### PROBLEM DESCRIPTION
The result should be an exact copy of the entries that follow, with no pictures included.

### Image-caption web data
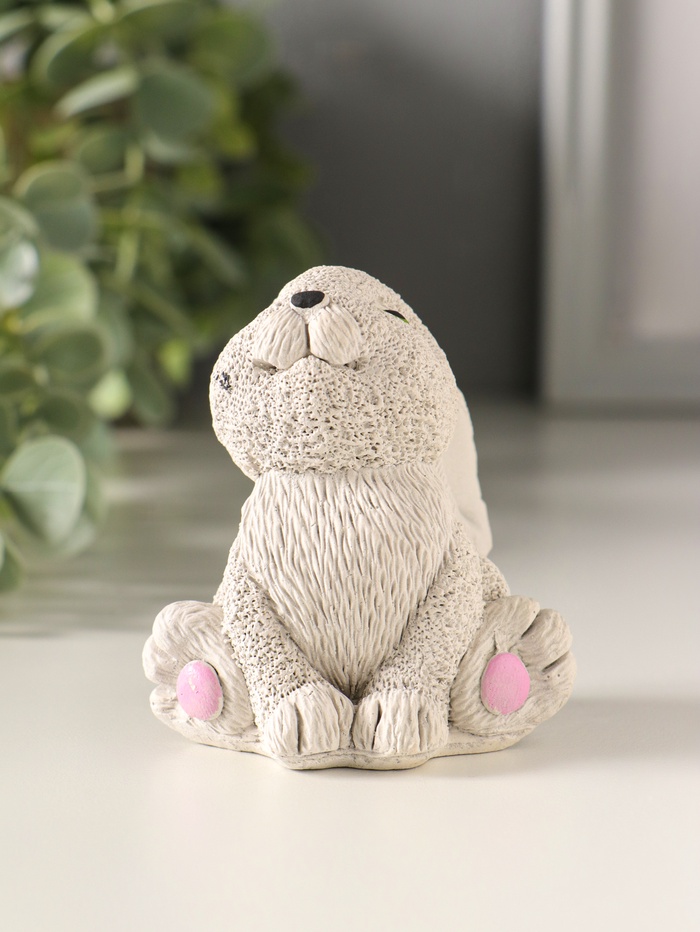 Фигурка гипс «Кролик сидит», 7×5×6.5 см, серый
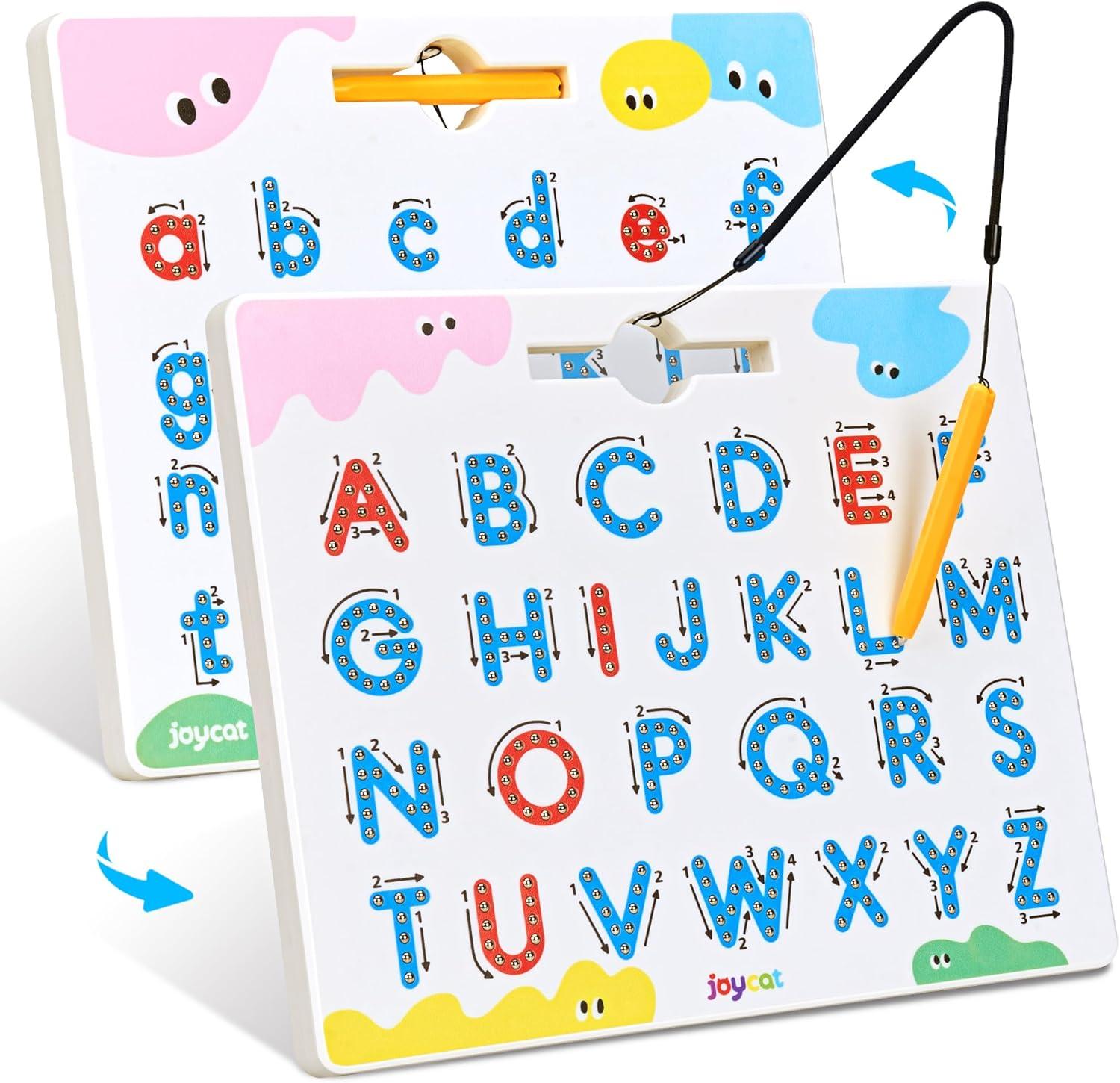 GAMENOTE Double Sided Magnetic Letter Board + JoyCat Magnetic Letter Tracing Board, 2-in-1 Double-Sided ABC Magnets for Kids Ages 3-5, Uppercase & Lowercase Letter Writing Practice – Preschool Learnin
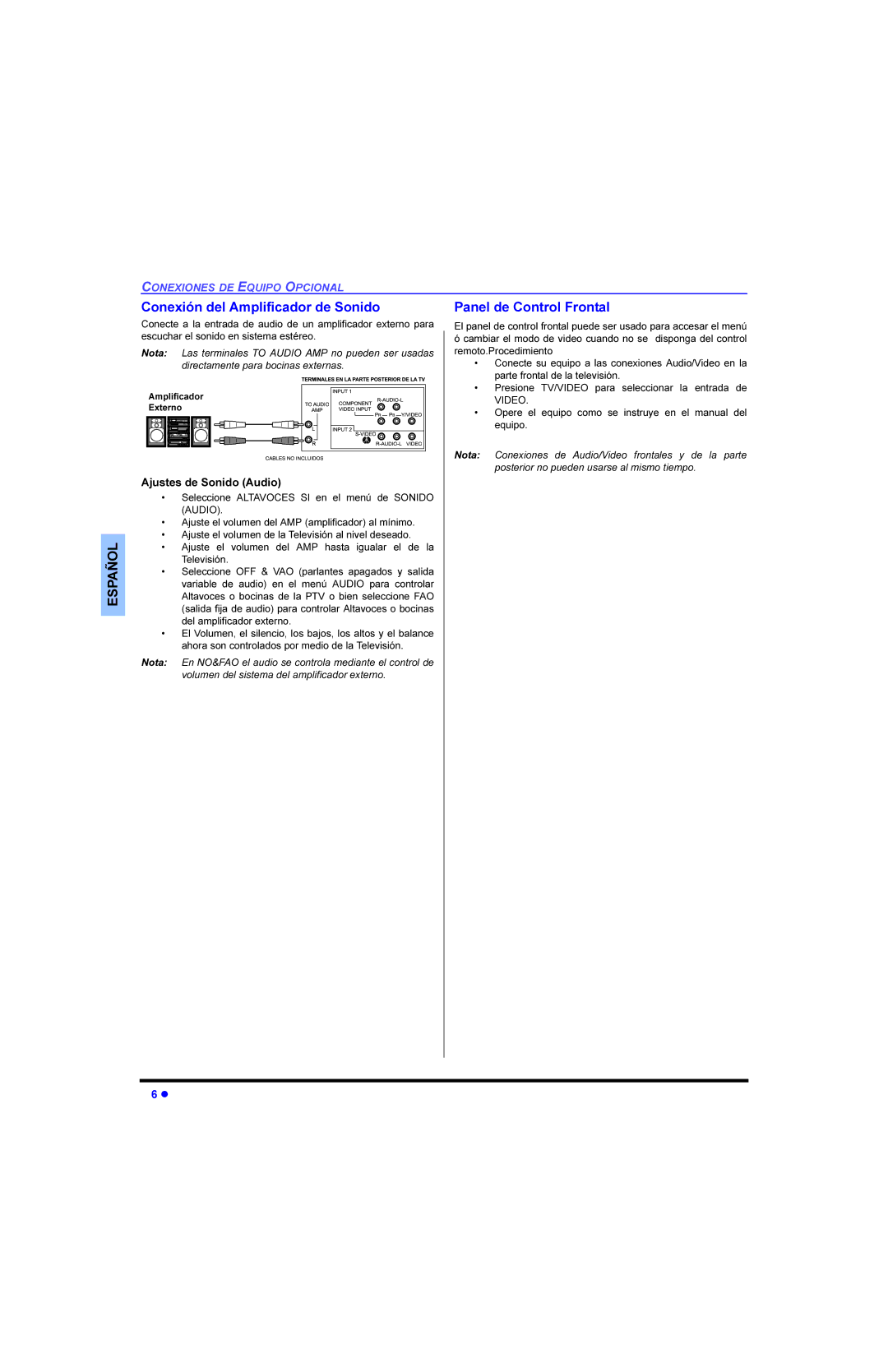 Panasonic CT-27E13, CT 32E13, CT 27E13, CT 36E13 RQHLyQGHO$PSOLILFDGRUGH6RQLGR, 3DQHOGH&RQWUROURQWDO, $MXVWHVGH6RQLGR$XGLR 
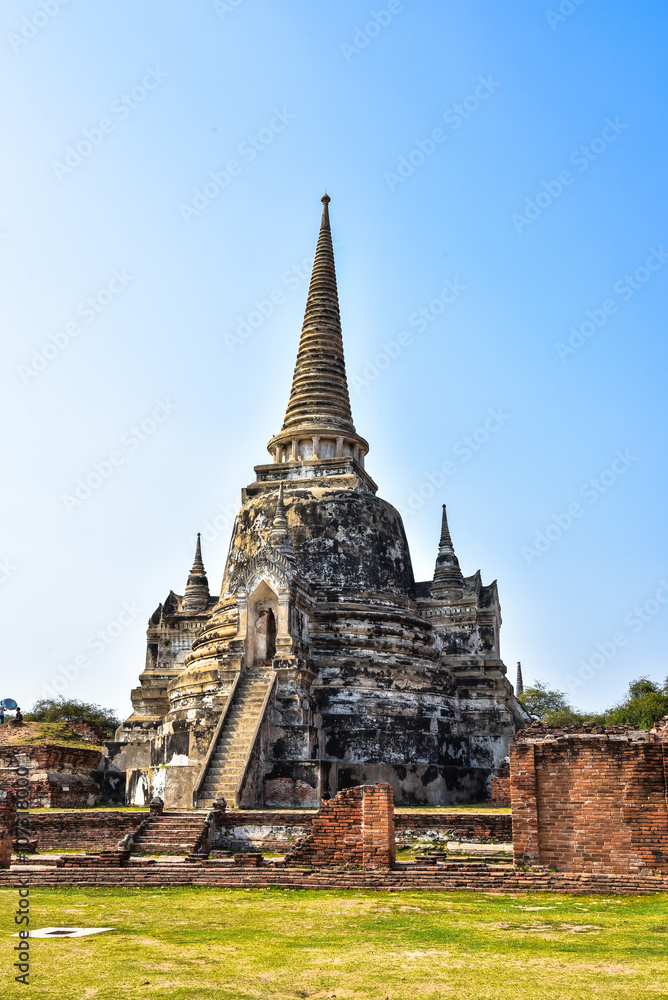 Ancient wall of Wat Phra Sri Sanphet the world heritage site in ayutthaya, Thailand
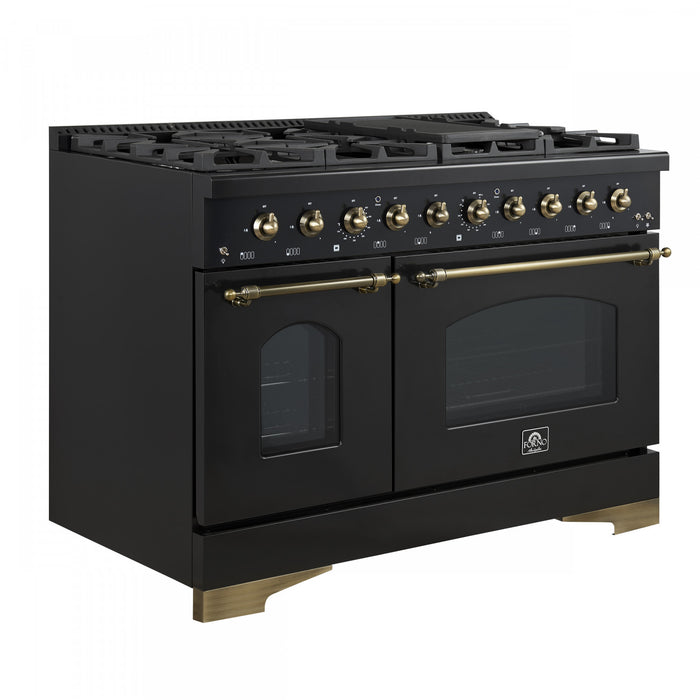 Cuisiniere a gaz Antico de 48\", noire,avec double four – FFSGS6219-48BLK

### TASK RESPONSE
 Фигурка гипс «Кролик сидит», 7×5×6.5 см, серый
 GAMENOTE Double Sided Magnetic Letter Board + JoyCat Magnetic Letter Tracing Board, 2-in-1 Double-Sided ABC Magnets for Kids Ages 3-5, Uppercase & Lowercase Letter Writing Practice – Preschool Learnin
 Panasonic CT-27E13, CT 32E13, CT 27E13, CT 36E13 RQHLyQGHO$PSOLILFDGRUGH6RQLGR, 3DQHOGH&RQWUROURQWDO, $MXVWHVGH6RQLGR$XGLR 
 Ancient wall of Wat Phra Sri Sanphet the world heritage site in ayutthaya, Thailand
 Cuisiniere a gaz Antico de 48\", noire,avec double four – FFSGS6219-48BLK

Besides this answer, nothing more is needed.